(What the task requires) Repeat nothing but the lines below running from the one containing "quote by Pythagoras" to the one containing "Robin Hobb Quotes: I". Keep both end lines.

(Entries shown)
-----

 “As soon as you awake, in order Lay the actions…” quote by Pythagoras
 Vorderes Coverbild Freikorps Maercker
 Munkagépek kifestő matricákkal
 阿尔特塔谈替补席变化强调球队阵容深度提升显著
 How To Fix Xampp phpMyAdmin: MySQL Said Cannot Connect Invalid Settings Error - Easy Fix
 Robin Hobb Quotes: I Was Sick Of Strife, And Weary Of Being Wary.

-----

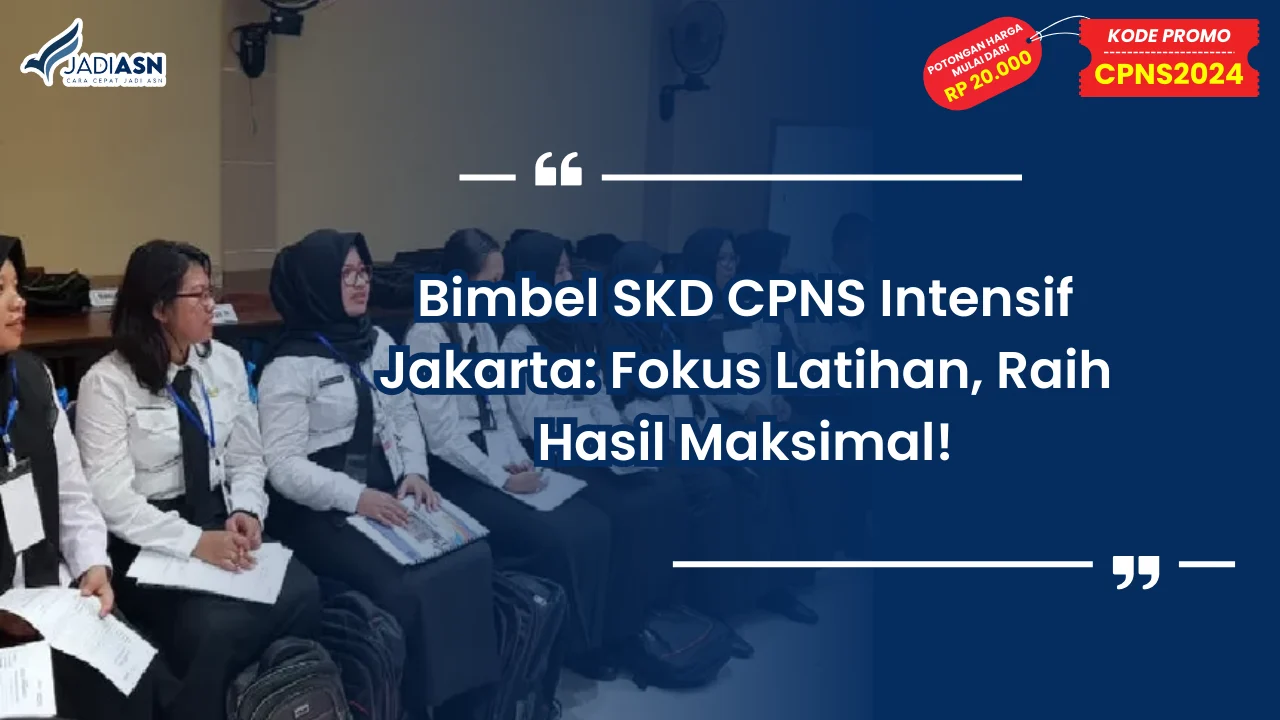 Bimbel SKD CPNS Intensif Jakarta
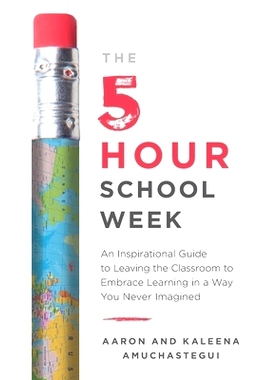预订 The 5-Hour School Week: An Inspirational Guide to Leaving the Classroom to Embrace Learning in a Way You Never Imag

-----

(Answer space)
 “As soon as you awake, in order Lay the actions…” quote by Pythagoras
 Vorderes Coverbild Freikorps Maercker
 Munkagépek kifestő matricákkal
 阿尔特塔谈替补席变化强调球队阵容深度提升显著
 How To Fix Xampp phpMyAdmin: MySQL Said Cannot Connect Invalid Settings Error - Easy Fix
 Robin Hobb Quotes: I Was Sick Of Strife, And Weary Of Being Wary.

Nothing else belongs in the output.